The structural equation modeling analysis found an association between victimization and perpetration for both offline and online behavior. It seems that offline perpetrations increase as either offline or online victimization increases. Offline victimization was also correlated with cyberhate victimization. These results align with propositions of an overlap among perpetrators and victims (Jennings et al. 2012; Hawdon et al. 2015). This can partly be explained by the fact that victims and offenders often share similar environments both online and offline (Hinduja and Patchin 2010).
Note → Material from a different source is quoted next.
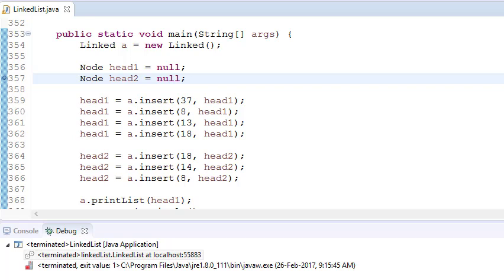Hey guys, welcome to Coding Simplified and today we will see how to get the intersection point of two linked lists.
Our findings support the old adage that “violence breeds violence.” It appears that opportunities are taken by young people to target others whether that is in traditional face-to-face approaches or through anonymous means online.

Newman and Newman (2012) have described the importance of adolescent friendship group and cliques, so our findings could be interpreted through the lens of Socio-Identity Theory (SIT). This theory posits that social groups form on an insider/outsider basis and belonging to one group is an important part of social identity. This can explain both victimization and perpetration, as different groups thrive on conflict and prejudice. The aim of outgroup bias is to value one’s own group to the detriment of the other group (Tajfel and Turner 1979). This could explain the association of victimization and perpetration, particularly through anonymous electronic means, as young people invest in maintaining the cohesion of their own social group. Young people outside the social group, with no group to defend them, would be the most vulnerable. Indeed, research by Oksanen et al. (2014) and Tynes (2006) has shown that victims of cyberhate tend to withdraw socially and not to aggress in return.

Given the overlap between bullying and cyberhate, existing intervention programs against school bullying should also tackle cyberhate. Despite developments in interventions against school bullying, cyberhate is one of the issues that has increased the most in the experiences of young people compared with other forms of identity-based cyberbullying (Hawdon et al. 2015). This leads us to stress the need for stronger input from educational institutions in the constructive role they can take to raise awareness and concern among young people toward human rights, diversity, and tolerance as well as IT literacy and to empower young people to reduce online risk taking and cyberhate. This survey has implications for educational practice. While we are facing increasing division on religion, economic, and cultural criteria, we need to get a clearer understanding of our diversities if we wish to smooth the devastating effects of discrimination, racism, xenophobia, Islamophobia, and anti-Semitism as well as anti-West culture, to achieve a positive cohesion of society and youth.

Although the current study utilized a large and diverse sample of youth, limitations must be noted. Findings cannot be generalized due to the non-representative sample that is based on individuals who agreed to complete the questionnaire and schools who volunteered to participate. Moreover, our data were cross-sectional and collected at one point in time, we cannot therefore draw any conclusions regarding the causality between being a victim or a perpetrator. Future studies should adopt longitudinal designs in order to assess this point. Questionnaires are self-reported, and answers are potentially biased like any survey of this type. Potential biases are recall and social desirability. However, to limit recall bias, questions were about the 12 months previous to the survey. We sought to minimize social desirability, by ensuring that the questionnaires were totally anonymous and completed in exam like conditions. Students were isolated to a single table, under the supervision of two researchers and had no opportunity to communicate with others.

The items selected to measure both traditional bullying and cyberhate provide a limited view of what cyberhate could look like and it would be prudent to further investigate more forms of expression of both types of negative behaviors. Finally, our data were cross-sectional and collected at one point in time, we cannot therefore draw any conclusions regarding the causality between being a victim or a perpetrator. Future studies should adopt longitudinal designs in order to assess this point.